Nos reímos los dos como adolescentes. Yo no tenía muy claro de qué. Con un pañuelo azul, Geranio se secó las lágrimas de la risa. Yo pregunté:
- Cuánto tiempo de la vida se puede pasar uno en estado de... digamos... de contacto con esa idea.
- Es como estar casado con una mujer sensacional, de ojos negros que llegan hasta el alma y pómulos que festejan la creación. Uno la mira y se derrite. Pero uno no puede pasarse la vida derretido. Así que uno sigue su vida y hace su trabajo. Todo el tiempo sabe de reojo que ella existe y se siente pisando en lo firme.
- Ahá
- Sí, ahá. Y le diré más: (estos ya son detalles de mi intimidad que nunca pensé que contaría, je je) Yo me afeito y me lavo los dientes en la ducha. Cuando termino de lavarme los dientes lanzo el cepillo hacia un vaso que contiene un par de otros cepillos y que está en la punta de la bañadera a un metro y medio más o menos. Siempre lo tiraba como si fuera un lanzador de cuchillos, dando vueltas. Y a veces, cada tanto, acertaba. Era una enorme satisfacción ver que el cepillo queda allí en el vaso, donde yo quería que estuviese. Pero desde que ocurrió lo del jabón, miro especialmente, como si fuera en cámara lenta, lo que hace el cepillo cuando erro. Es que ahora que he entendido que todas las opciones son únicas y maravillosas gozo del destino de cada pequeña cosa como si fuese el más creyente de los fieles y estuviese rezando... en pleno contacto.
- Impresionante.
- ¿Verdad? Tiene que probar usted lo del cepillo. Le digo que mi cepillo rojo despeinado y viejo se ha transformado en un amigo que cada mañana me dice que la vida es maravillosa y llena de profundidad en miles de sentidos inesperados.

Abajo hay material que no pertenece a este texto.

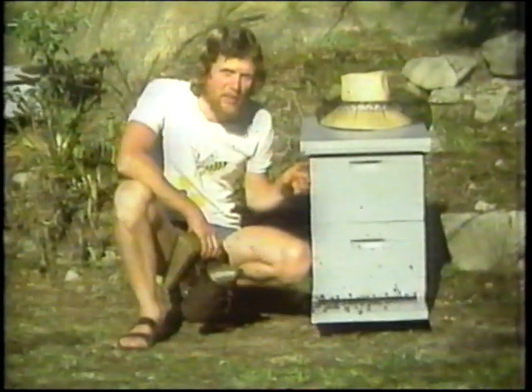By now, the queen has returned from her mating flight and begun her main function within the beehive — and that is laying eggs. So let's open up the hive now and take a look inside.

- Sí, impresionante... pero debo admitir que sigo sin entender que tiene que ver esto con la muerte.






Capítulo cinco








Así como no se detiene el rítmico flujo de gatos entrando, no se aplaca el clima dentro del vagón. En otros casos (grupos rehenes o situaciones de ese tipo) ocurre que con el tiempo la gente se acomoda, se acostumbra, y los ánimos encuentran un remanso a pesar de la adversidad. Muchos procesos de la vida tienen sus ciclos y evolucionan pasando por etapas que ofrecen un descanso de la situación anterior. Acá en cambio siempre hay recién llegados que apenas comienzan a entender la situación. Siempre hay un grupo que todavía no se ha adaptado y que aún tiene una alta carga de adrenalina en sangre. Siempre hay un gato en el aire a punto de aterrizar.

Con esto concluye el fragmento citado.